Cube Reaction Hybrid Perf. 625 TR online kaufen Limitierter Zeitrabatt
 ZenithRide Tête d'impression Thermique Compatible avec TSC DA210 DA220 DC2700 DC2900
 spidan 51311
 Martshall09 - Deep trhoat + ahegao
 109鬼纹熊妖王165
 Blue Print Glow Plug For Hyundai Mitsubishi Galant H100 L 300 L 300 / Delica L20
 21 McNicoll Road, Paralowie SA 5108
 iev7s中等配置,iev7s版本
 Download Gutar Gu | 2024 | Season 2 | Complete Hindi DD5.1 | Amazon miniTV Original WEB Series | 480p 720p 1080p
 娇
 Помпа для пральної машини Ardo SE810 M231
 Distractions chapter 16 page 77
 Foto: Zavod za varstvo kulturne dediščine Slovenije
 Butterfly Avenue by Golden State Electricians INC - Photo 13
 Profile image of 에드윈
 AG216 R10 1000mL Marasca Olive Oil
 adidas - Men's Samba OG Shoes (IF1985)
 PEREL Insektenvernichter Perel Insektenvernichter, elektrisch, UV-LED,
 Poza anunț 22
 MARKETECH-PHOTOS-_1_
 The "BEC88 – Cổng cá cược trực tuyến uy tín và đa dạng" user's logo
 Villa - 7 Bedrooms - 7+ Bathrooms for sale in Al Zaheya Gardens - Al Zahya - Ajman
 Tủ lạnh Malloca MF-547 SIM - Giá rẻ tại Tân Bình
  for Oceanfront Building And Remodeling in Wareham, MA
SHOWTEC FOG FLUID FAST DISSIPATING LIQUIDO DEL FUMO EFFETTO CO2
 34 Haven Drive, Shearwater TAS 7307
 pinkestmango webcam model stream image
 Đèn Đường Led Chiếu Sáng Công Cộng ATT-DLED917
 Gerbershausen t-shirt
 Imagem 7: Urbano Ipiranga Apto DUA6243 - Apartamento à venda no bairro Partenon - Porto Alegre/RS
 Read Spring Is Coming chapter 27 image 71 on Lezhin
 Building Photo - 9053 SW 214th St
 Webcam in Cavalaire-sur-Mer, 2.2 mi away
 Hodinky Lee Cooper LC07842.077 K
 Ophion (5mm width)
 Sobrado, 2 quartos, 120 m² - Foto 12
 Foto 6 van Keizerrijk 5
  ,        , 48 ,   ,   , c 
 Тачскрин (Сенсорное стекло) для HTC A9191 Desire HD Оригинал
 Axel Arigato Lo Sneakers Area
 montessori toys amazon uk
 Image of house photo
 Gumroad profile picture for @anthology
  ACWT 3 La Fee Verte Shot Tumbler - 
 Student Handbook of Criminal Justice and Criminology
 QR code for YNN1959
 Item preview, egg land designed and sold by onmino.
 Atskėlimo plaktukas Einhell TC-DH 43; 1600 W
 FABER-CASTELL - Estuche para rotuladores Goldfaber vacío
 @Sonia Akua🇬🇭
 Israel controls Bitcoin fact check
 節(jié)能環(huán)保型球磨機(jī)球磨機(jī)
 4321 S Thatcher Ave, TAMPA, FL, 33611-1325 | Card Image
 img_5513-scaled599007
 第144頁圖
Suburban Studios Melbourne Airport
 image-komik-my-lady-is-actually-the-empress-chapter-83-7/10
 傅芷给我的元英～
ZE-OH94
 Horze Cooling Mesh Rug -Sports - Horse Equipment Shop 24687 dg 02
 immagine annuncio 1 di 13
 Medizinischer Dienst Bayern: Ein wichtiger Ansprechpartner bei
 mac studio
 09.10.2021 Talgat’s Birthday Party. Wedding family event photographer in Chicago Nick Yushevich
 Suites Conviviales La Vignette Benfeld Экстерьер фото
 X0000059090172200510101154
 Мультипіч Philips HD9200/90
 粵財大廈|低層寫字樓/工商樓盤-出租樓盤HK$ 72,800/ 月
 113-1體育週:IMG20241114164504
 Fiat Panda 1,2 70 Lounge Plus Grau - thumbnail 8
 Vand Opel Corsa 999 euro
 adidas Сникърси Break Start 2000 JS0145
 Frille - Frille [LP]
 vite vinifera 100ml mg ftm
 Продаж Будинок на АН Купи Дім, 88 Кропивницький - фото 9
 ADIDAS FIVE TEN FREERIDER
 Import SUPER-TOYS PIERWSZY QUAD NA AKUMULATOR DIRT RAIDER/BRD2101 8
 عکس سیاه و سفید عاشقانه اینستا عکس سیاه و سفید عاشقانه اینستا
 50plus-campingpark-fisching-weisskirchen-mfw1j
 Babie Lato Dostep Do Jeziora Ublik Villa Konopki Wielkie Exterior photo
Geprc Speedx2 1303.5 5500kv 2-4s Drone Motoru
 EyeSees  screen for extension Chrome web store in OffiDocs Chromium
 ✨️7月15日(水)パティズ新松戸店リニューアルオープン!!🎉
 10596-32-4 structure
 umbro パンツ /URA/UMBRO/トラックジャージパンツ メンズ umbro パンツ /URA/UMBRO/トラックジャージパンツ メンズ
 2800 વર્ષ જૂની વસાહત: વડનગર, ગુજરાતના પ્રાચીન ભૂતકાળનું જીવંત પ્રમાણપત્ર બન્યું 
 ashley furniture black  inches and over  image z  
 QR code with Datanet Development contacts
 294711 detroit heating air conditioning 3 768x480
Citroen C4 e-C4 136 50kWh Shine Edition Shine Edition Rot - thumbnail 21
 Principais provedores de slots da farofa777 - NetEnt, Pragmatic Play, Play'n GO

━━━

▶ [PROBLEM]: Write out, unaltered, the lines from the opening of the listing through the line that includes "Tủ lạnh Malloca".

▶ [RESULT]:
Cube Reaction Hybrid Perf. 625 TR online kaufen Limitierter Zeitrabatt
 ZenithRide Tête d'impression Thermique Compatible avec TSC DA210 DA220 DC2700 DC2900
 spidan 51311
 Martshall09 - Deep trhoat + ahegao
 109鬼纹熊妖王165
 Blue Print Glow Plug For Hyundai Mitsubishi Galant H100 L 300 L 300 / Delica L20
 21 McNicoll Road, Paralowie SA 5108
 iev7s中等配置,iev7s版本
 Download Gutar Gu | 2024 | Season 2 | Complete Hindi DD5.1 | Amazon miniTV Original WEB Series | 480p 720p 1080p
 娇
 Помпа для пральної машини Ardo SE810 M231
 Distractions chapter 16 page 77
 Foto: Zavod za varstvo kulturne dediščine Slovenije
 Butterfly Avenue by Golden State Electricians INC - Photo 13
 Profile image of 에드윈
 AG216 R10 1000mL Marasca Olive Oil
 adidas - Men's Samba OG Shoes (IF1985)
 PEREL Insektenvernichter Perel Insektenvernichter, elektrisch, UV-LED,
 Poza anunț 22
 MARKETECH-PHOTOS-_1_
 The "BEC88 – Cổng cá cược trực tuyến uy tín và đa dạng" user's logo
 Villa - 7 Bedrooms - 7+ Bathrooms for sale in Al Zaheya Gardens - Al Zahya - Ajman
 Tủ lạnh Malloca MF-547 SIM - Giá rẻ tại Tân Bình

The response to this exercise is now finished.